Outside the window, the joyful melody of a cardinal's morning song rides along the surface of the silence. The wind howls and tree limbs dance.  There is even a luminescence to the grayness in the skies that is mirrored in the puddles than yesterday's sun had created.  

As I sit here typing, this seems to happen whenever I pause.   I'm wondering what would happen if you (yes, you!) would pause, right here and now, and bring some of your attention to the sensations sparking through your body, take a few full, deep breaths , then turn your attention to the sights and sounds around you before moving on to click: (READ MORE.)


So, did you do that? (Pester.  Pester.).  
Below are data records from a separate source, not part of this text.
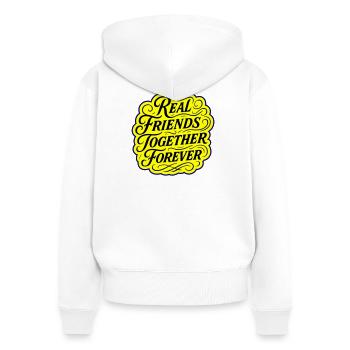 Echte Freunde Für Immer - Frauen Premium Bio Zip Hoodie - Weiß - Hinten - AI Model Female 172 light (172cm)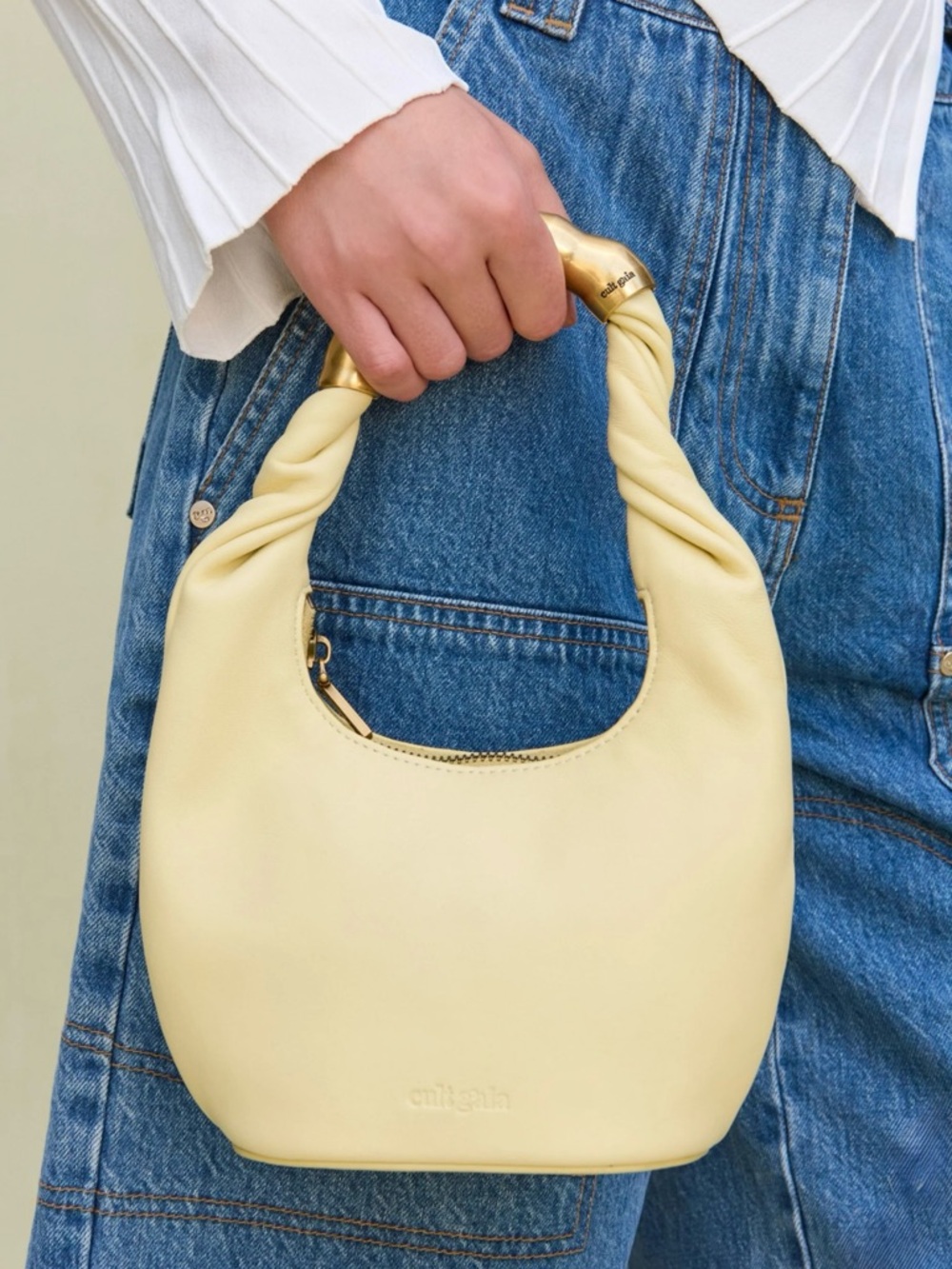 Cult Gaia Meerah Top Handle Bag Sculptural Gold Handle Butter Yellow Leather OS - Picture 3 of 13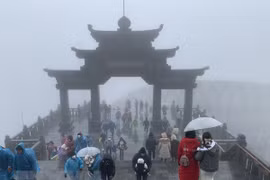Đông đảo khách du lịch đã lên đỉnh Fansipan để chiêm ngưỡng cảnh tuyết rơi. (Ảnh: Quốc Khánh/TTXVN)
A Few Thoughts about Thought  

I'm not saying that thinking is bad.  In fact, over the years, having compared notes on mindfulness and meditation with lots of people, there seems to be a common misconception that the goal of meditation is NOT think.  Though it is true that there are sweet swathes of time that the thinking mind takes a break and leaves us in wonder, that's not the point.  In fact, as Practice deepens, we come to appreciate that this part of our mind is, in itself, an absolute wonder.  

Yes, it is true that left to its own devices, a fixation on thoughts can catapult us into endless dramas about yesterday and tomorrow.  Yet the part of our mind that generates thought is also capable of poetic brilliance.  It can create words that express insight and inspiration.   
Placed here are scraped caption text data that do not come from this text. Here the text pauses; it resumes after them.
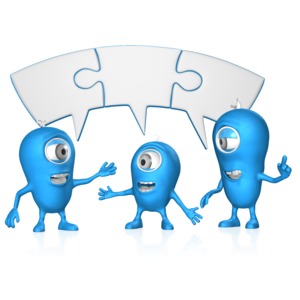 Joined Puzzle bubble Group Coversation PowerPoint clipart graphic preview.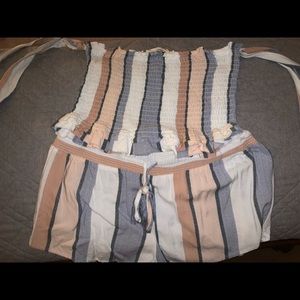 2 piece outfit. Top with matching shorts.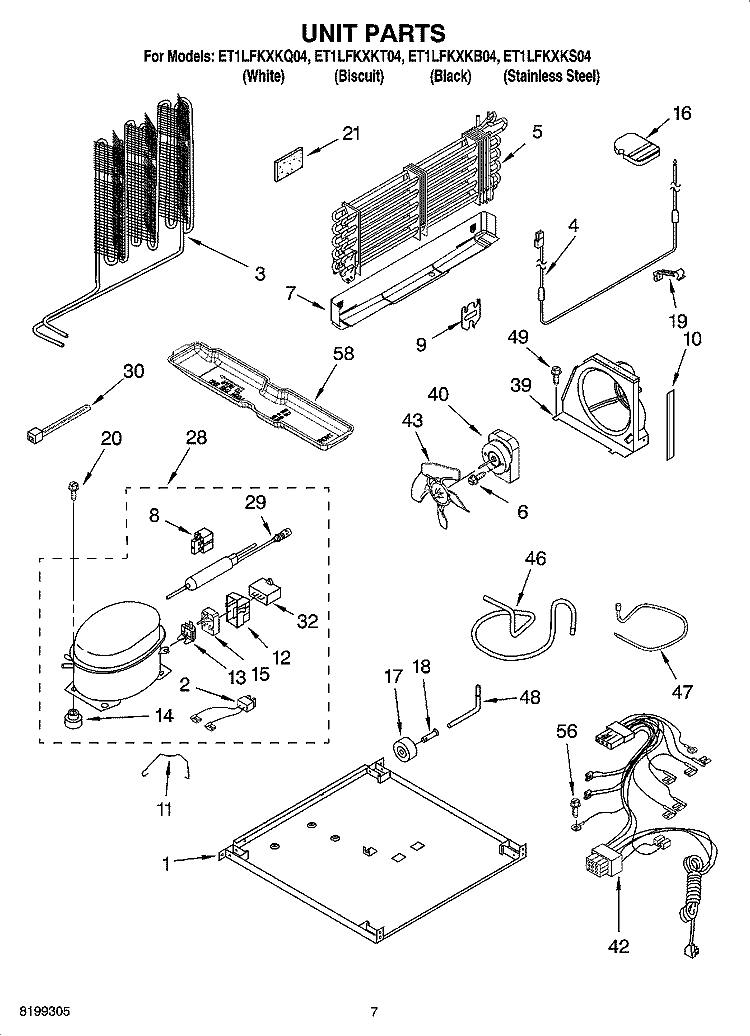 UNIT PARTS Diagram and Parts List for ET1LFKXKQ04  Whirlpool Refrigerator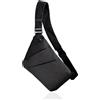 Tibroni Petto Borsa Crossbody, Tasca sul Petto da Uomo Donna, Multi-Pocket Crossbody Spalla et Monospalla Impermeabile Marsupio per Lavoro/Trekking/Ciclismo/Viaggio - Nero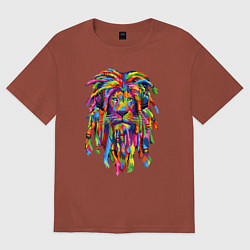 Футболка оверсайз мужская Lion dreaD, цвет: кирпичный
As Buddha, Jesus, and the other seers and sages of the world's wisdom traditions have proclaimed, what we think matters. The nature of our thoughts serves to create the nature of our life experience.  Thoughts can help pave the way to hell -- or grease the rails to heaven. 
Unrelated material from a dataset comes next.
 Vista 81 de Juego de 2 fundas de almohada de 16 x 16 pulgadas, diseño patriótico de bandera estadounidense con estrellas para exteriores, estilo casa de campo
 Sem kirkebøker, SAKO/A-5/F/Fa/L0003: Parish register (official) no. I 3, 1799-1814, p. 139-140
One of the major merits of Practice is that we are able to expand our awareness to embrace thought in the arms of a clearer, calmer, and more comprehensive quality of consciousness.  Simply Sitting Still -- and noticing when thought draws us away from our primary meditation object (be it body, breath, mantra, prayer, visualization, etc.) is a game-changer.  At that very moment, you engage the mind's ability to observe, rather than be totally immersed in, the part of our mind that generates discursive thought.  In engaging our capacity to simply witness our thoughts, we begin to gain a greater degree of freedom from our habitual way of reacting to life.   

Then, with Practice, the quality of experience shifts.  Over time, we are less likely to be "lost in thought."  Rather than dominating our awareness and becoming the overbearing soloist in the unique musical theater of our own life, the thinking mind returns to its proper place as a member of the choir.  
 
More fully present to the dancing sensations of breath and body, mindful awareness emerges.  Hearing the sounds play across the ever present silence, delighting in the symphony of colors, our hearts and mind open to the present moment.  Life emerges as the Miracle that it is. 

Our thoughts can sing in harmony with this -- or not.  Yet, in the all-embracing heart of awareness, even dissonance isn't necessarily a bad thing.  It simply is.  With Practice we may find that we can appreciate it as well.

At least, that's what I'm thinking at the moment!